Paper No. 10
Presentation Time: 11:00 AM
THE YELLOWSTONE PLUMEHEAD, MID-SIZED IGNEOUS PROVINCES, AND CENOZOIC STRUCTURAL DEFORMATION OF THE NORTH AMERICAN CORDILLERA: A SINGLE, PROLONGED TECTONIC EVENT
Several features of the Yellowstone magmatic system appear to contradict a thermal plume model for its origin. These include eruptions of basalt and rhyolite in and around the hotspot track that do not fit the spatial and temporal progression expected for an upwelling plume conduit preceded by a starting plumehead. We show that the unusual features in and around the Yellowstone hotspot track are, in fact, unusual features observed throughout the entire North American Cordillera (NAC). When viewed collectively, these features are best explained as resulting from a single, prolonged tectonic event that impacted the NAC throughout the Cenozoic Era. Our ideas are motivated by consistent geochemical variations of Tertiary mafic NAC magmas that show involvement of two mantle source regions: ancient, isotopically evolved, sub-continental lithosphere (SCL) and the ocean island basalt (OIB) source region found in every oceanic hotspot track. Convergent margin magmas are not dominated by either of these sources, and the presence of OIB argues strongly for contributions from a thermal plume.

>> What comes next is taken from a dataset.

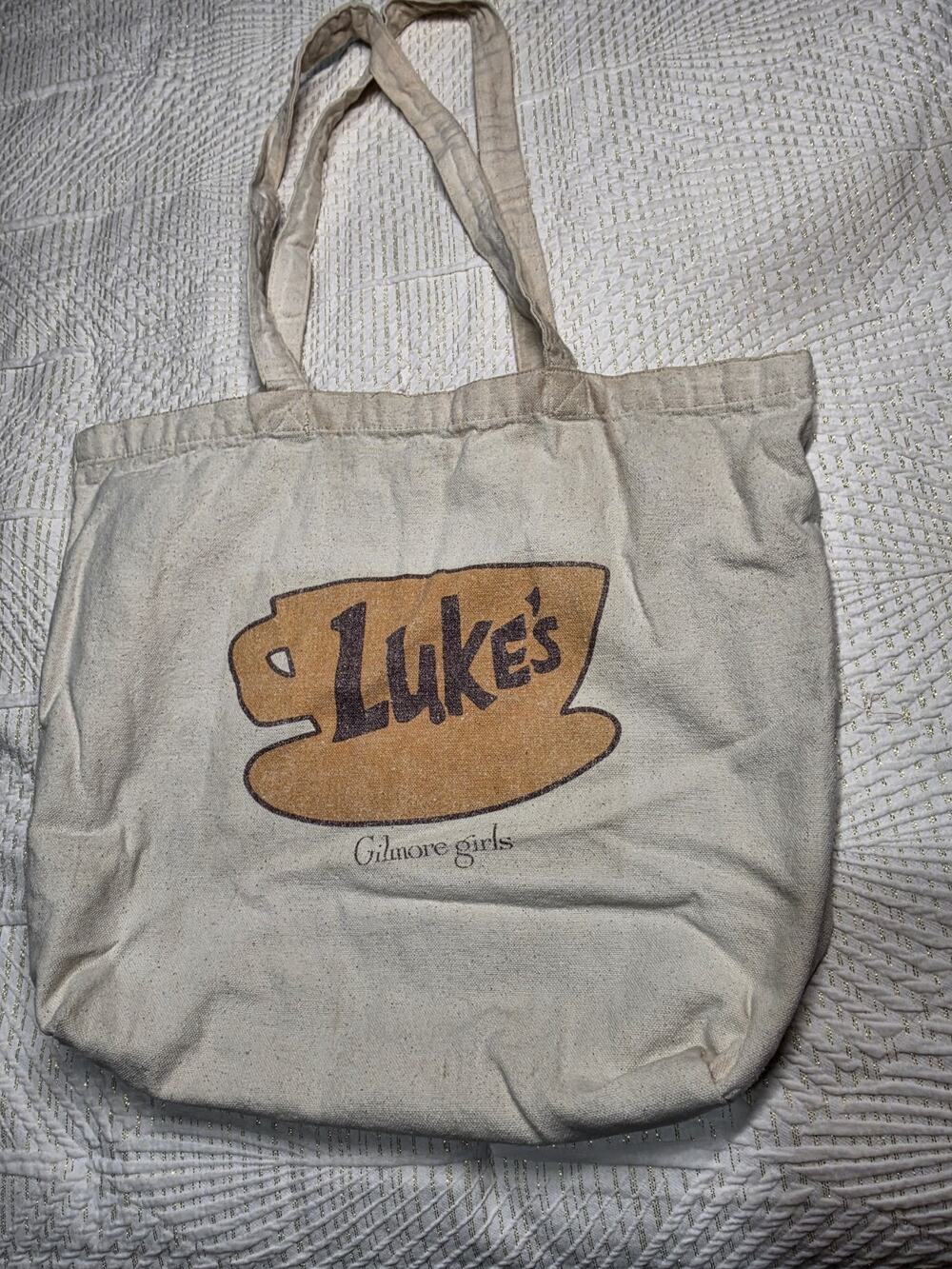 Warner Bros. Studio Tour Hollywood Tote Bag Gilmore Girls Luke’s Diner Vtg Htf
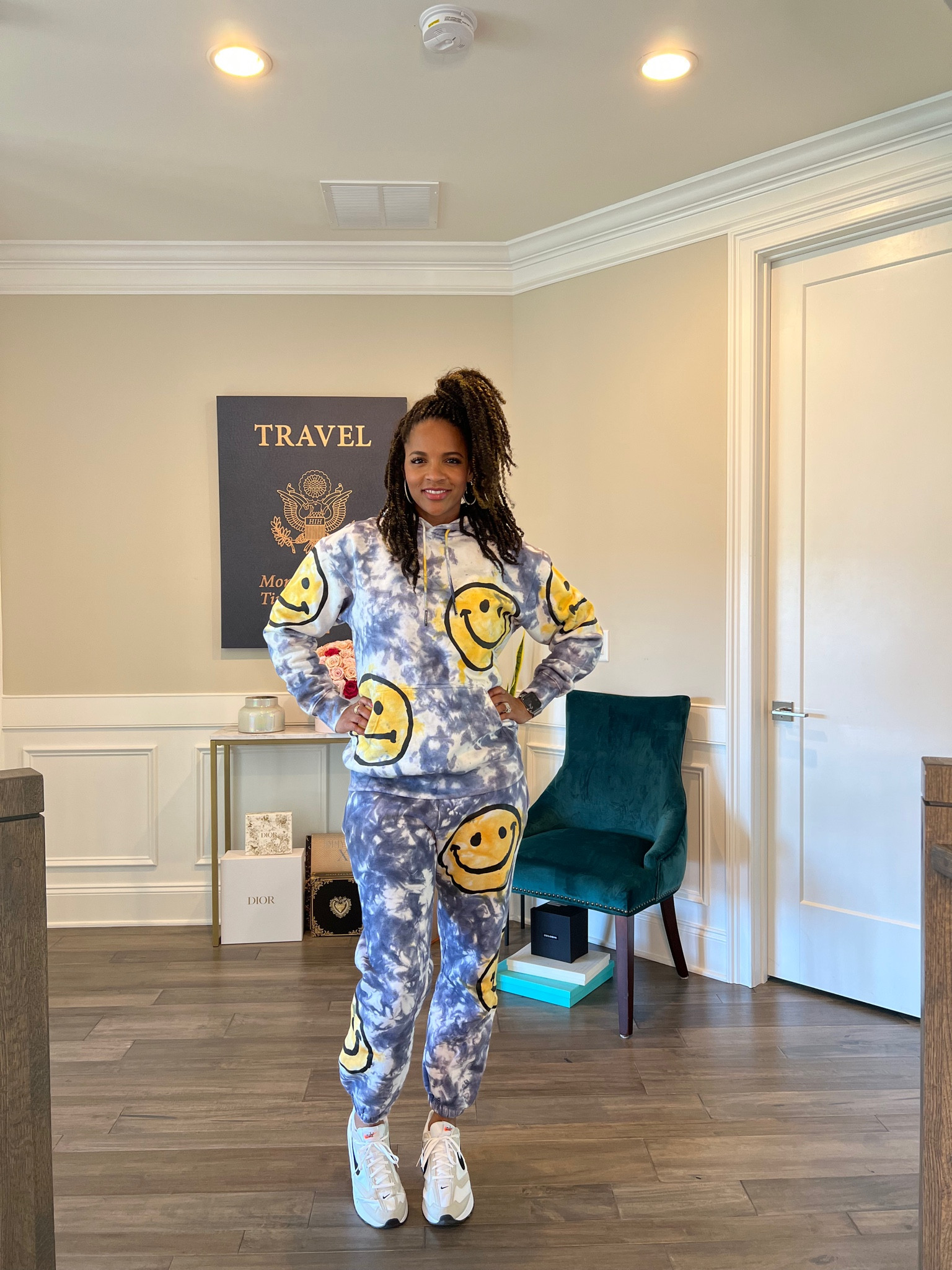 Smiley face jogger set #joggers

All NAC magmas with OIB signature have radiogenic isotopic compositions that lay on a binary linear mixing array, a defining characteristic of nearly every hotspot system. A transition from predominantly SCL to OIB source has been documented throughout the NAC, and is consistent with progressive uplift, deformation, and melting of the lithosphere followed by penetration of plume-derived magmas. We cite emergence of five distinct massive outpourings of mafic lava within the NAC during the Tertiary that are similar in character, if not scale, to the huge outpourings of flood basalt observed at the inception of several classic hotspots. We postulate that magma from these provinces was derived from a single starting plumehead that impinged upon the descending Farallon slab in the Late Cretaceous. The prolonged duration and wide spatial distribution of the magmas reflect the time involved in uplifting the cold slab while displacing material in the mantle wedge and the overlying lithosphere. The Yellowstone plumehead and its interaction with the Farallon Plate is thus viewed as the cause of the current topographic high, the current elevated thermal state, and the atypical geologic activity that occurred within the NAC throughout the Cenozoic.